Spring is a season of hope, as daffodils push through the cold soil and the forsythias put out their yellow blooms. The blood quickens, dreams reappear out of the waning darkness of winter, reappear and seem possible.
But to me, the true harbinger of spring is neither sights nor dreams. It is a sound, a repeated sound that I remember not just from the prior spring, but from the spring of my life, the call of the cuckoo.
The First Cuckoo
When I was a child in central Alaska, my mom was given a wooden cuckoo clock by some friends who had traveled to Europe. She hung it proudly on the wall.

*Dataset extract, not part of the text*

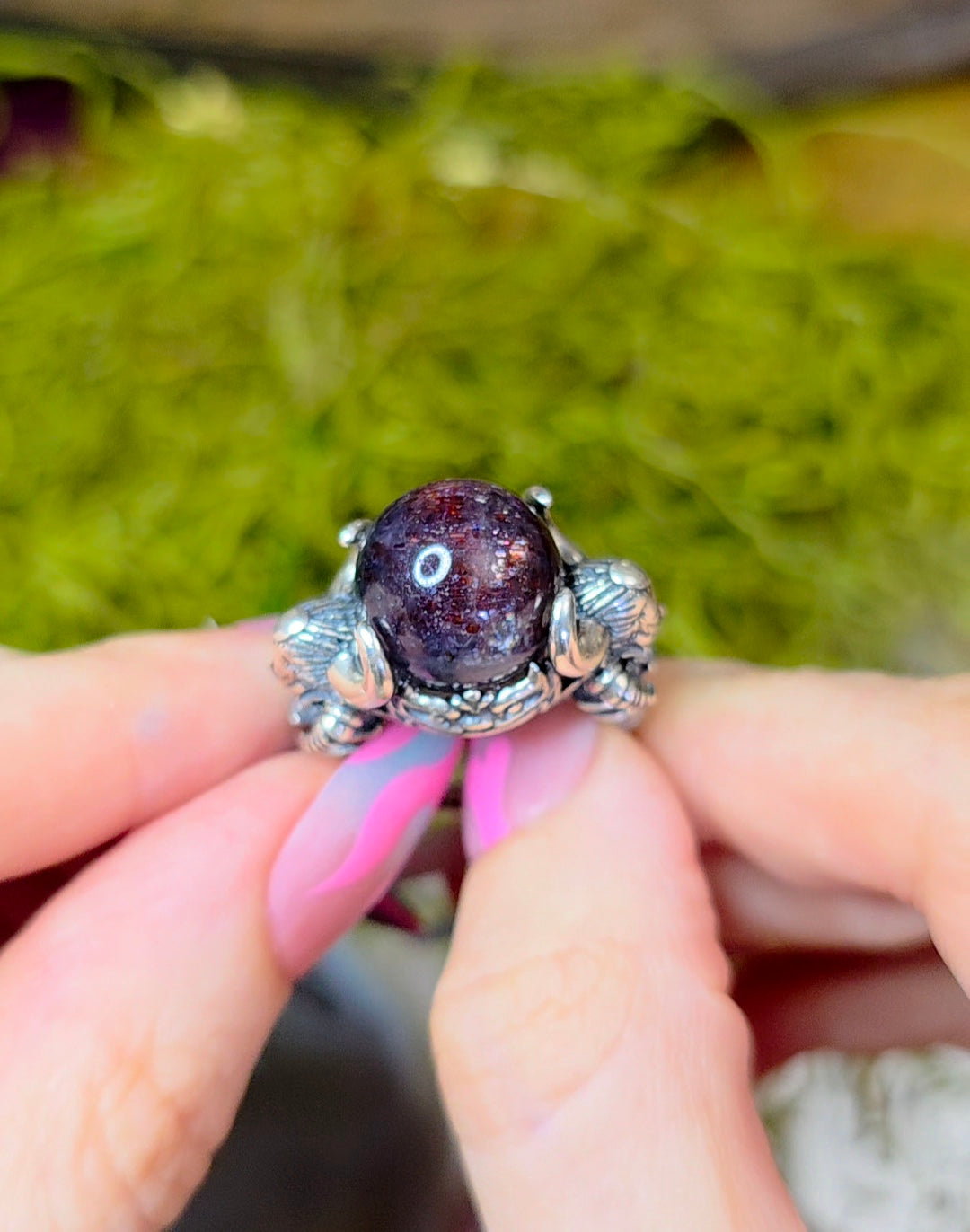 Iolite and Sunstone Lilith Ring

The little door opened and the bird popped out every hour on the hour, chirping the same song: coo-coo, coo-coo.
There are no cuckoos in central Alaska, but that cuckoo clock was a part of every day of my young life. The first cuckoo. Little was I to know that, one day, I would wait for the same call to signal the beginning of spring.
Cuckoo in France
The first time I heard a cuckoo in France, I glanced around for a cuckoo clock. It reminded me powerfully of the cuckoo clock, the coo-coo call, except that it echoed across the valley.
This was the famous bird of Europe that cuckoo clocks around the world are modeled after. The sound of the bird’s call is the same as the clock, but different. The clocks’ coo-coos were always identical. With the bird, each call is distinct, some coo-coos longer and drawn out, some shorter, some deeper.
Symbolism of Coo-Coos
Cuckoos are slender birds that have played an important role in human culture for decades. In Europe they are associated with spring because they are migratory and return in spring. Their calls signal the end of winter. But that’s not the only association.
In Greek mythology, cuckoos are sacred to the goddess Hera, wife of Zeus. generally medium-sized slender birds. In India, they are sacred to Kamadeva, the god of desire. In Japan, they are related to unrequited love.
Coo-Coos to Me
To me, the call of the cuckoo signals the beginning of spring. But it is also a ribbon that wraps the pieces of my life together. It was sitting in the house in central Alaska that, listening to the cuckoo clock sound the hours, I resolved I would live in France one day. And now, I listen for the coo-coo in March, splitting open the winter sky to let spring move in.
And because of that association, the cuckoo represents the possibility of cherishing dreams and realizing them, the fact that change is possible, that where one is at the moment is never the only possibility. That’s what spring means to me too: new beginnings, clean slates, another chance at the run for the roses.